Material supplied
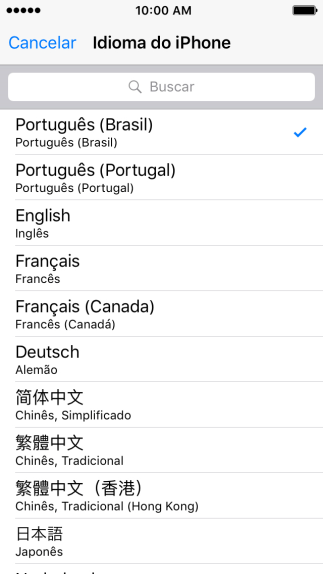 Pressione o idioma desejado. Pressione o idioma desejado.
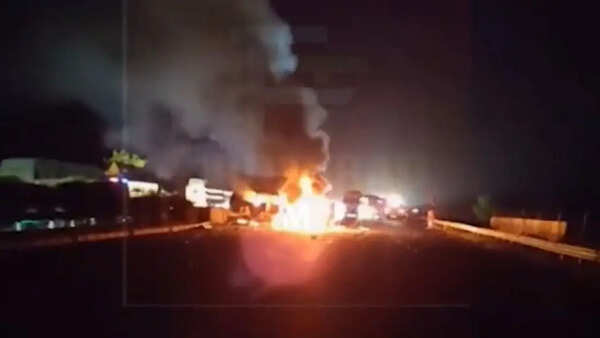 2 killed, several injured as bus catches fire after collision with tanker on Agra-Lucknow Expressway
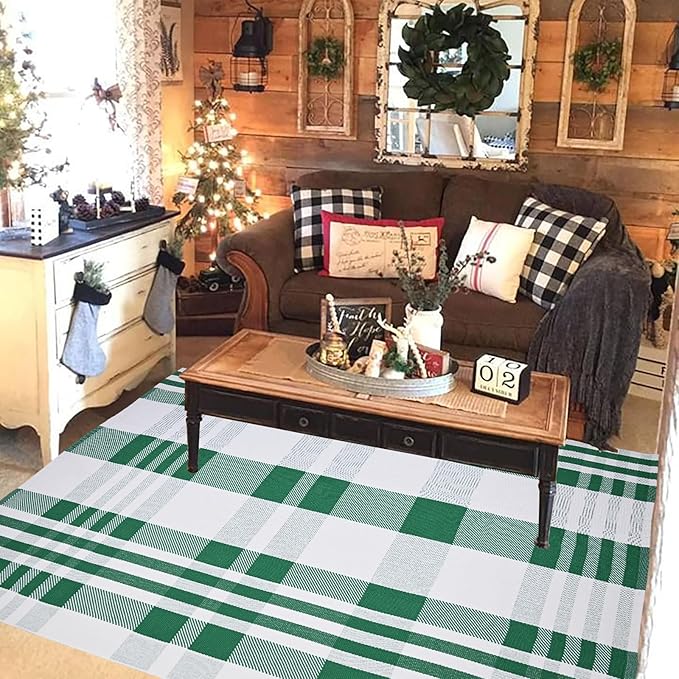 Christmas Door Mat Outdoor 4' x 6' Green and White Plaid Rug Christmas Decor Rug Cotton Hand-Woven Layered Door Mats Washable Carpet for Front Porch, Kitchen, Farmhouse, Entryway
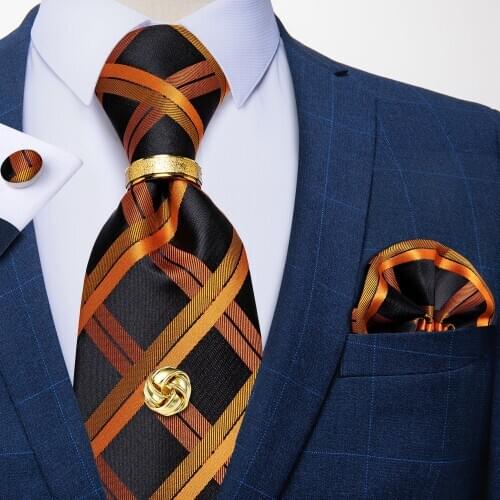 Solid Purple Men Tie Cracat Set Fashion Business Wedding Ties Pocket Square Cufflinks Tie Tack Gift For Men Gravata DiBanGu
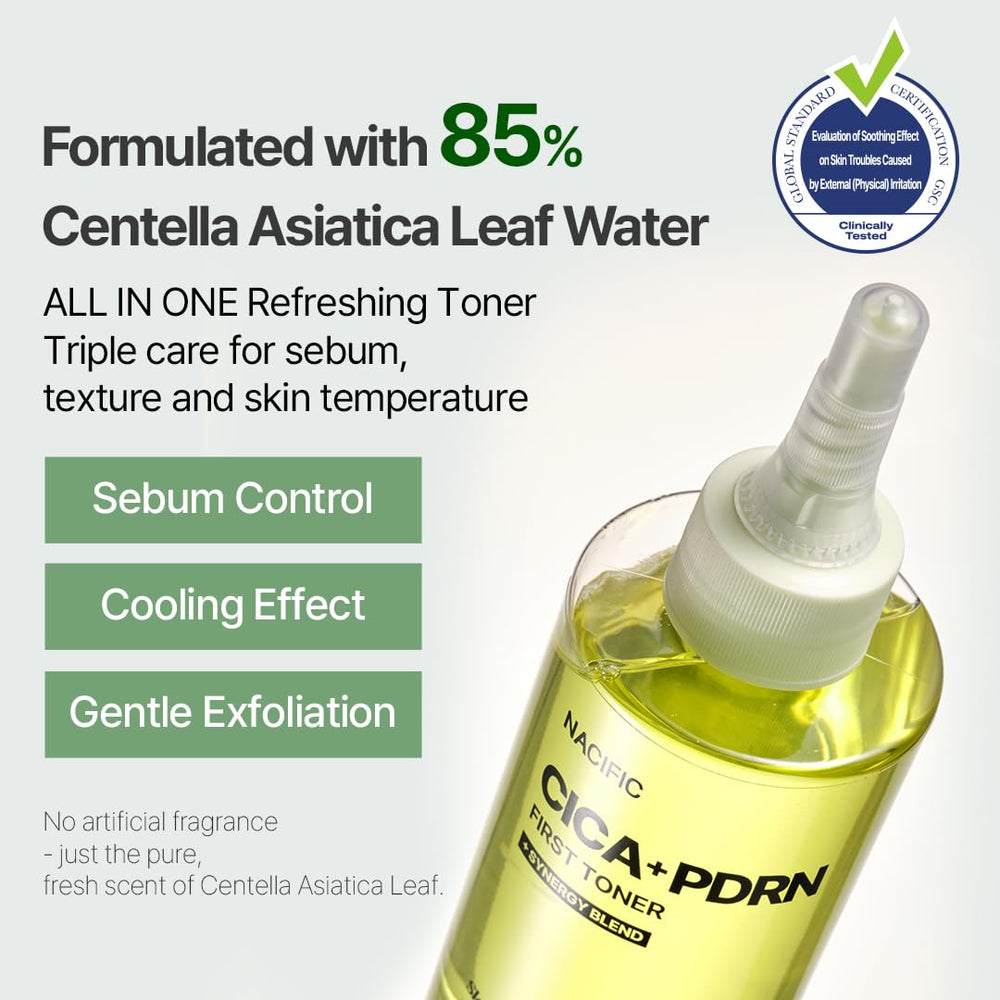 NACIFIC CICA PDRN First Toner precision tip enables targeted application on irritated areas.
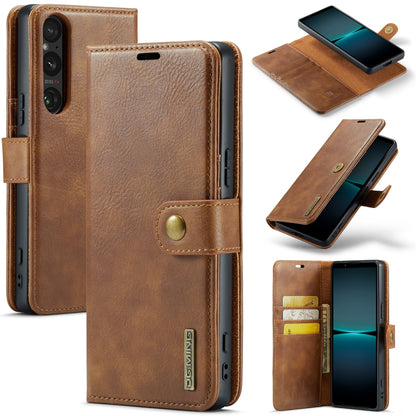 For Sony Xperia 1 V DG.MING Crazy Horse Texture Detachable Magnetic Leather Phone Case(Brown) by DG.MING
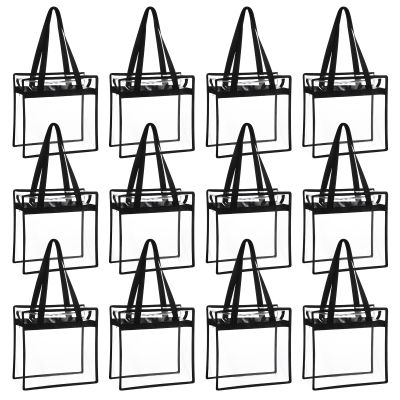 Hillban Clear Tote Bag Stadium 12 x 12 x 6 Inches Transparent Tote Bag with Zipper See Through Handbag for Stadium Travel Gym(12 Pcs)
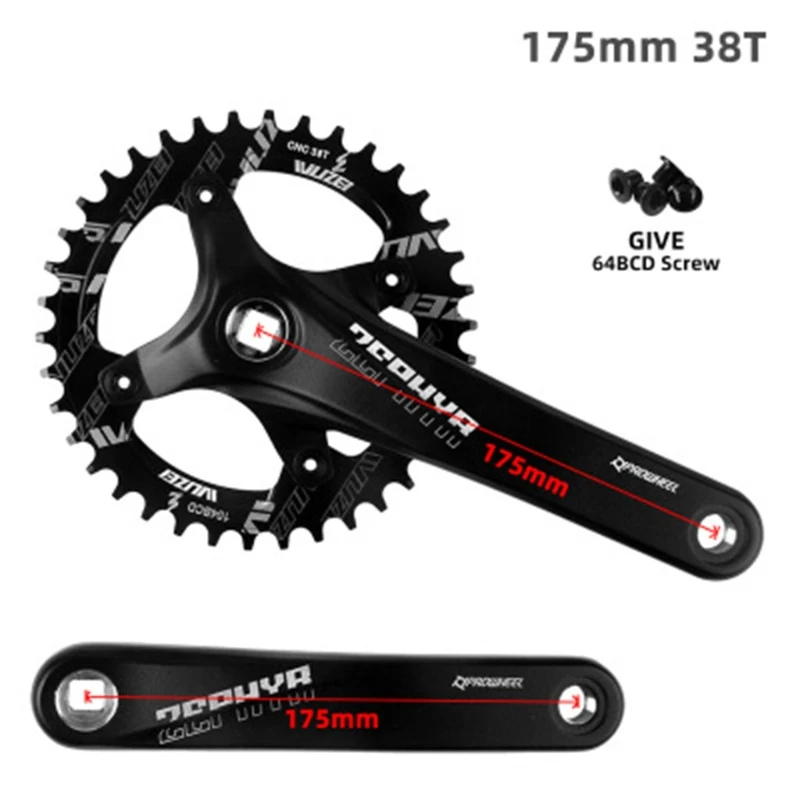 

104BCD MTB Bike Square Hole Bicycle Crank Chainwheel Chainrings 170mm 175mm Crankset 30T 32T 34T 36T 38T 40T 42T Sprocke D2TC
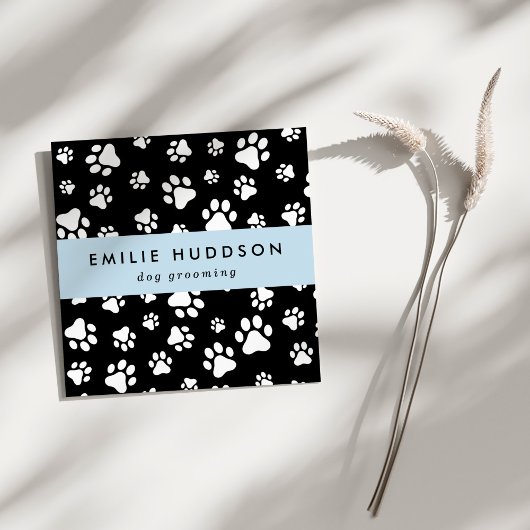 Patroon van poten, tandbaars, tandproever, tandpro vierkante visitekaartje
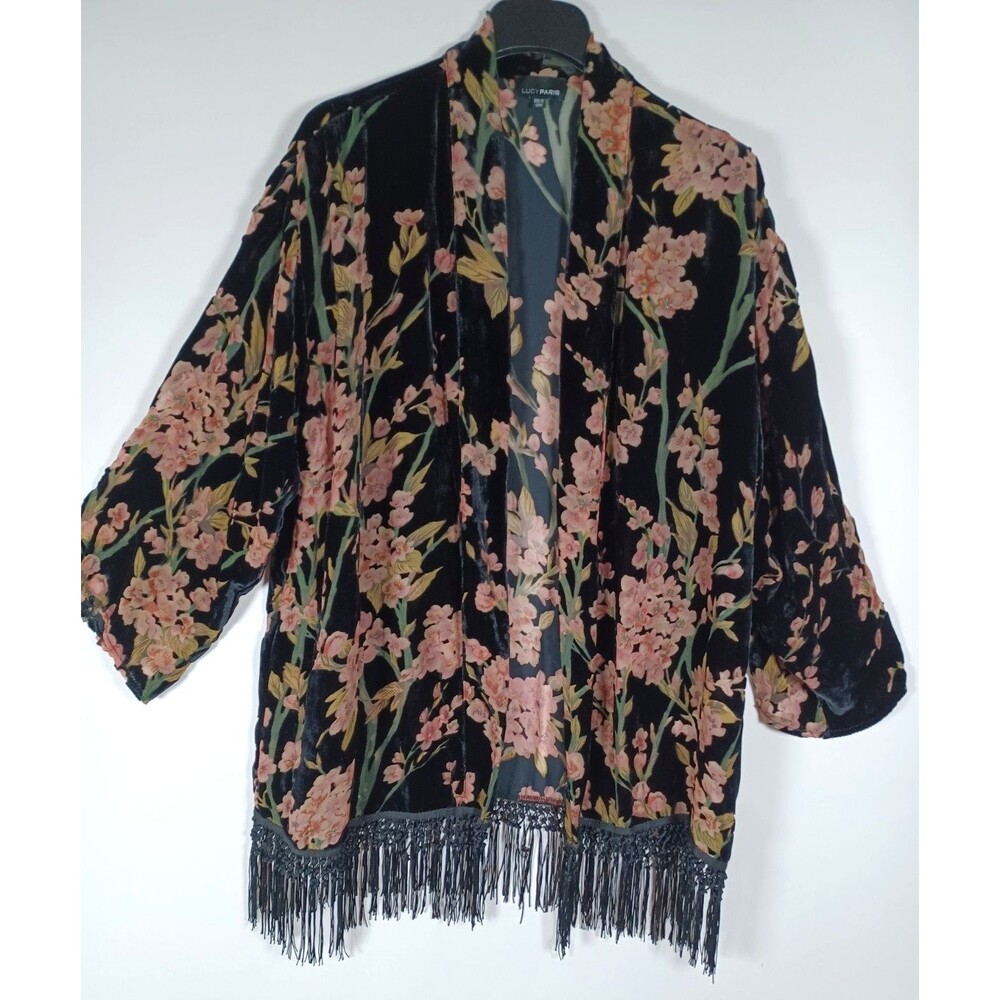 Lucy Paris Cardigan Velvet Burnout Asian Floral Fringe‎ Medium Whimsigoth Fairy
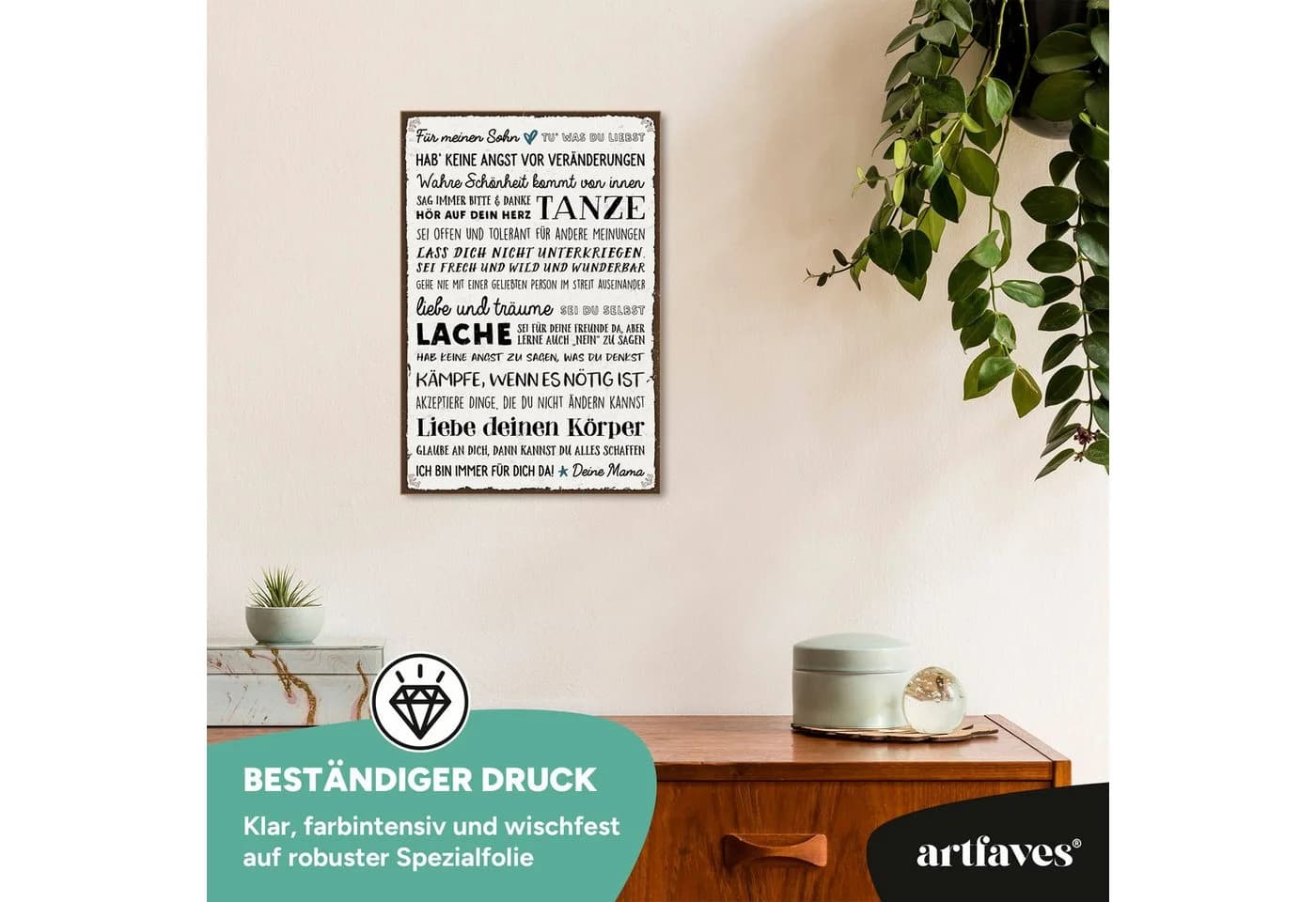 ARTFAVES Holzbild Schild mit Spruch Für meinen SOHN Liebe Mama Mutter Kind - Bild 3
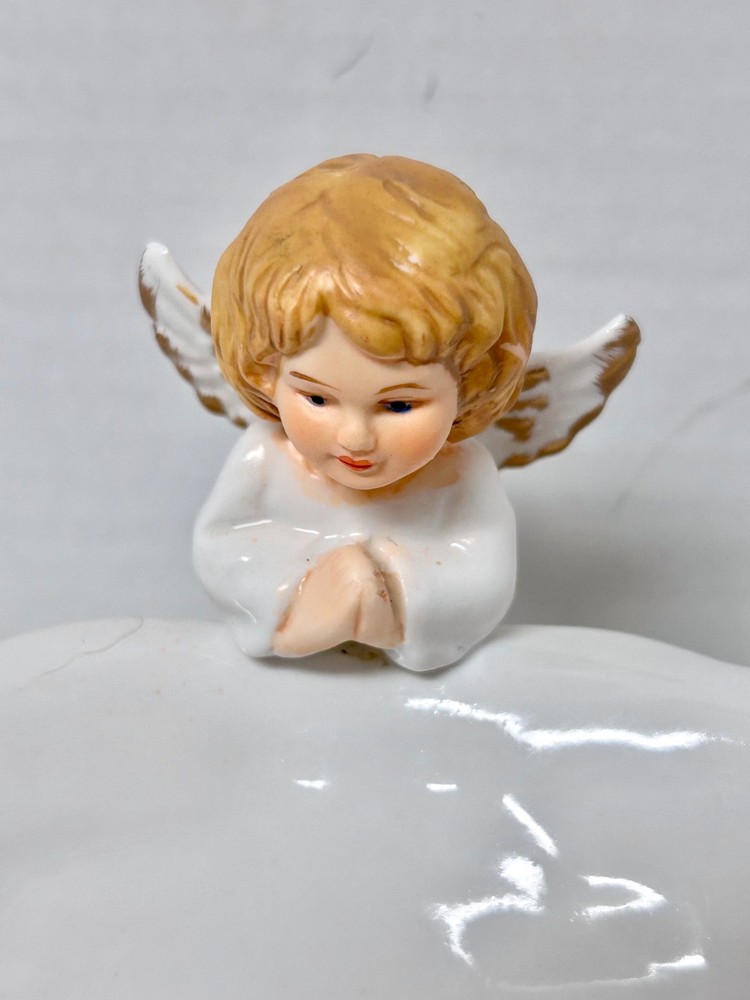 Vintage Three Angels Porcelain Candy Dish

Task brief
Apart from the pictures, return the records exactly.

Exercise solution
 Pressione o idioma desejado. Pressione o idioma desejado.
 2 killed, several injured as bus catches fire after collision with tanker on Agra-Lucknow Expressway
 Christmas Door Mat Outdoor 4' x 6' Green and White Plaid Rug Christmas Decor Rug Cotton Hand-Woven Layered Door Mats Washable Carpet for Front Porch, Kitchen, Farmhouse, Entryway
 Solid Purple Men Tie Cracat Set Fashion Business Wedding Ties Pocket Square Cufflinks Tie Tack Gift For Men Gravata DiBanGu
 NACIFIC CICA PDRN First Toner precision tip enables targeted application on irritated areas.
 For Sony Xperia 1 V DG.MING Crazy Horse Texture Detachable Magnetic Leather Phone Case(Brown) by DG.MING
 Hillban Clear Tote Bag Stadium 12 x 12 x 6 Inches Transparent Tote Bag with Zipper See Through Handbag for Stadium Travel Gym(12 Pcs)

104BCD MTB Bike Square Hole Bicycle Crank Chainwheel Chainrings 170mm 175mm Crankset 30T 32T 34T 36T 38T 40T 42T Sprocke D2TC
 Patroon van poten, tandbaars, tandproever, tandpro vierkante visitekaartje
 Lucy Paris Cardigan Velvet Burnout Asian Floral Fringe‎ Medium Whimsigoth Fairy
 ARTFAVES Holzbild Schild mit Spruch Für meinen SOHN Liebe Mama Mutter Kind - Bild 3
 Vintage Three Angels Porcelain Candy Dish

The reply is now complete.